_Aim of the task_
The pictures do not belong in the copy. Restate all of the records word for word.
-------- Input data --------
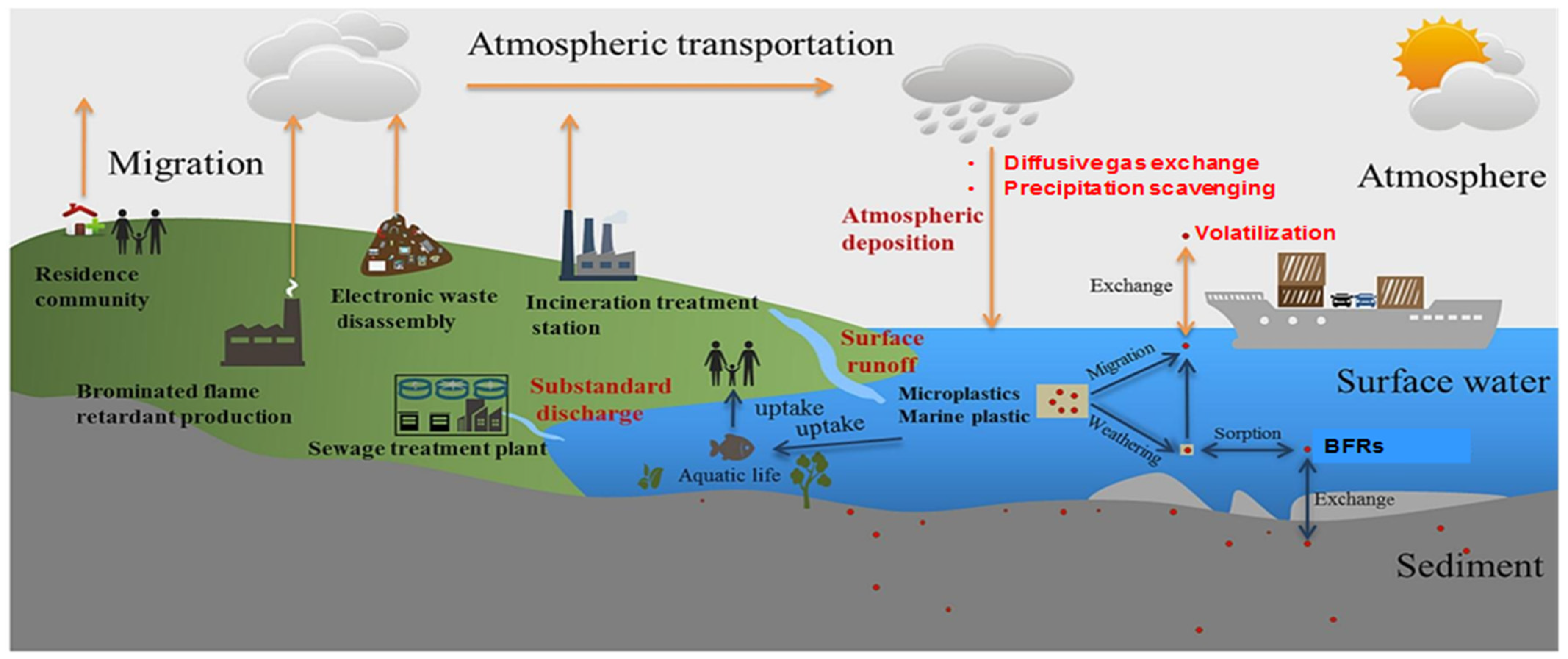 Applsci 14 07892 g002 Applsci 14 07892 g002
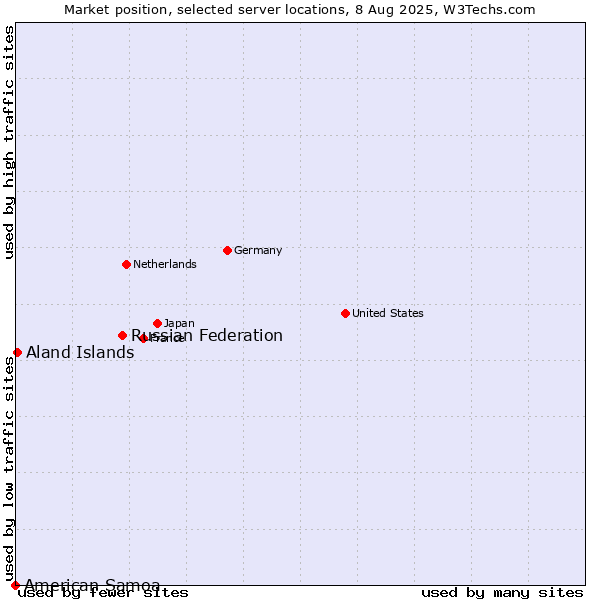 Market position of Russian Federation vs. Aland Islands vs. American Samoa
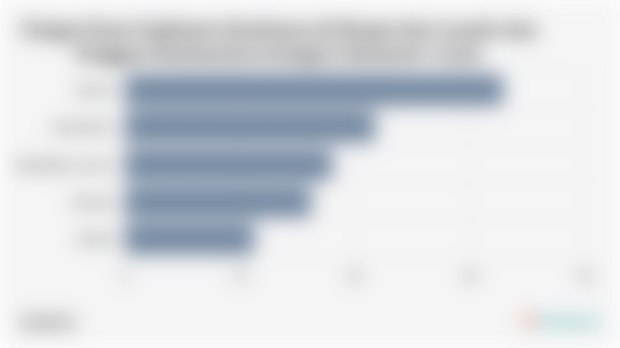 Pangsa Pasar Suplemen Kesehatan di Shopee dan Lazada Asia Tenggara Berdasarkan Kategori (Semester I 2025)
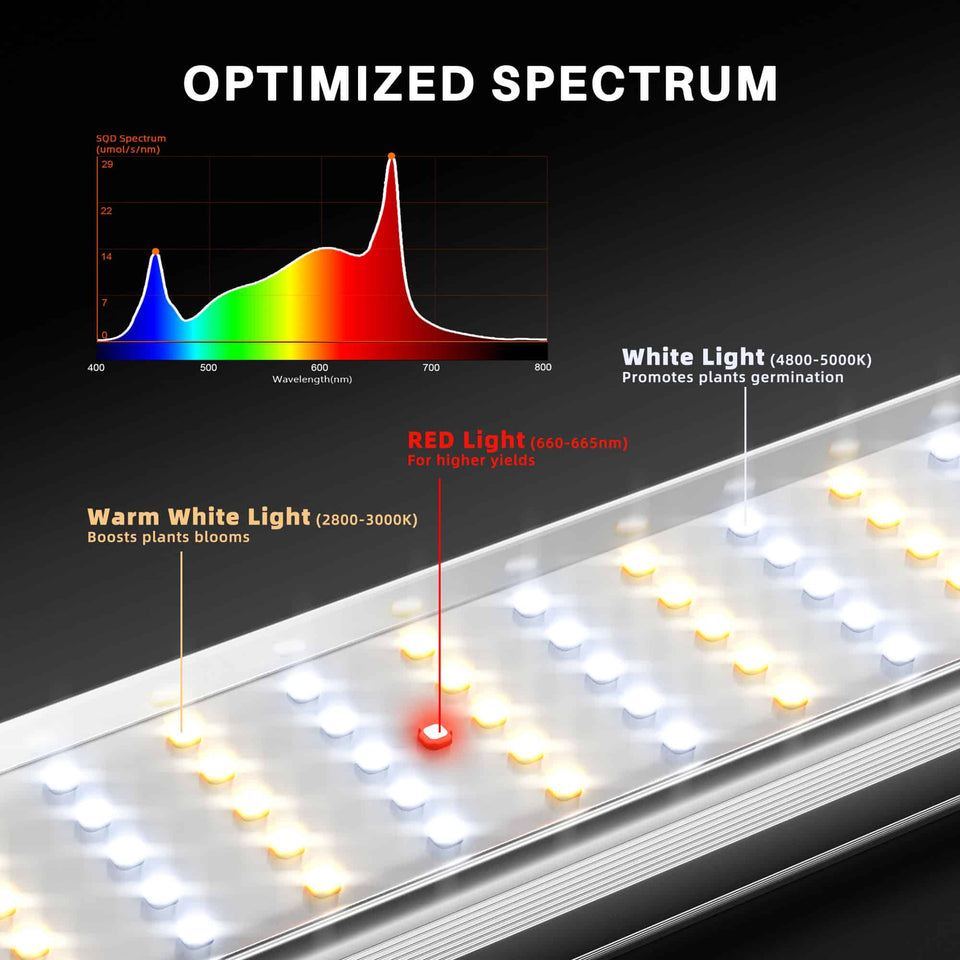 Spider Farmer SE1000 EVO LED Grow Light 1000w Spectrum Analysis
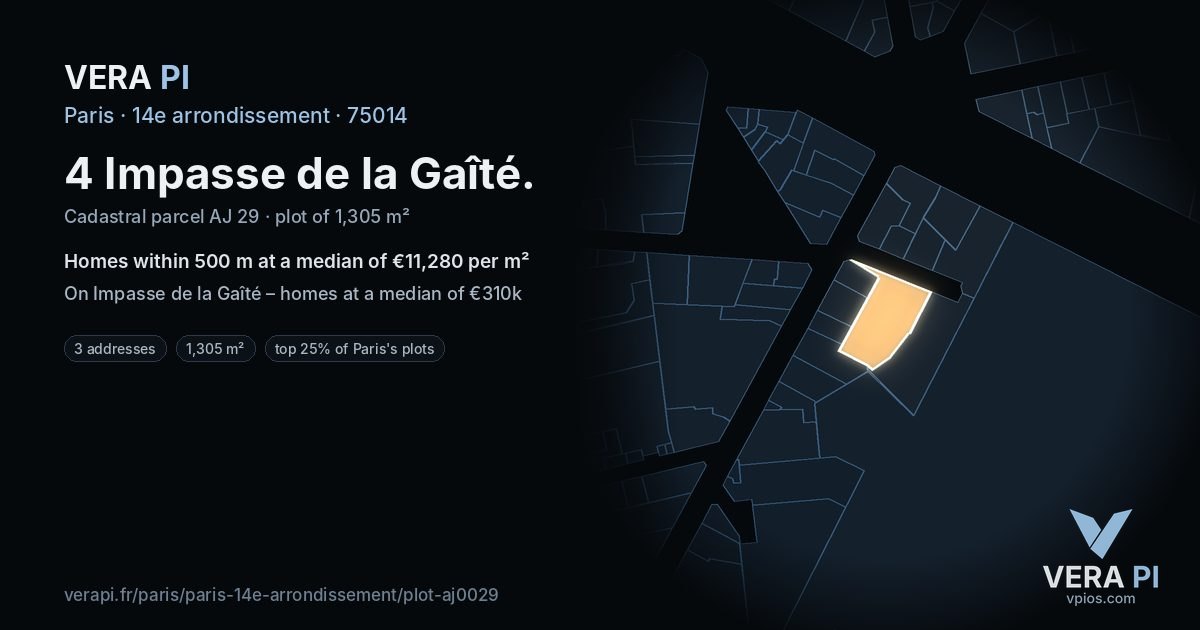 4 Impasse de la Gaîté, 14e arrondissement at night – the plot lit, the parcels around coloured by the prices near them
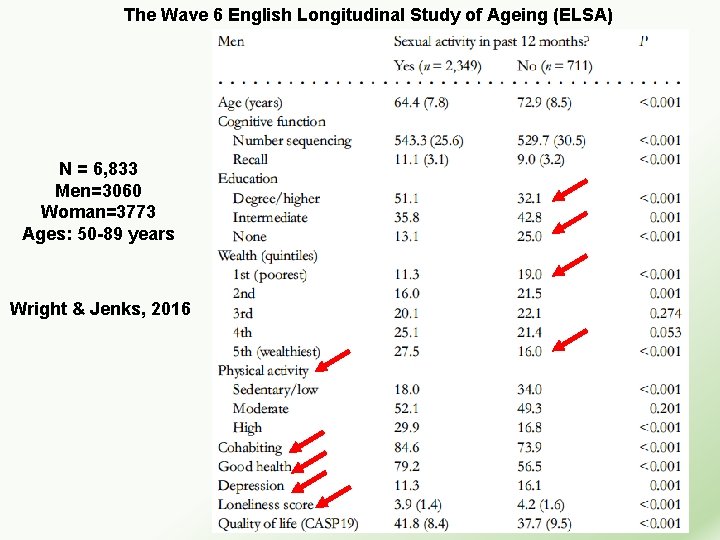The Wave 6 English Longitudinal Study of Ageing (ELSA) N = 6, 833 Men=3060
--------
_Exercise solution_
 Applsci 14 07892 g002 Applsci 14 07892 g002
 Market position of Russian Federation vs. Aland Islands vs. American Samoa
 Pangsa Pasar Suplemen Kesehatan di Shopee dan Lazada Asia Tenggara Berdasarkan Kategori (Semester I 2025)
 Spider Farmer SE1000 EVO LED Grow Light 1000w Spectrum Analysis
 4 Impasse de la Gaîté, 14e arrondissement at night – the plot lit, the parcels around coloured by the prices near them
The Wave 6 English Longitudinal Study of Ageing (ELSA) N = 6, 833 Men=3060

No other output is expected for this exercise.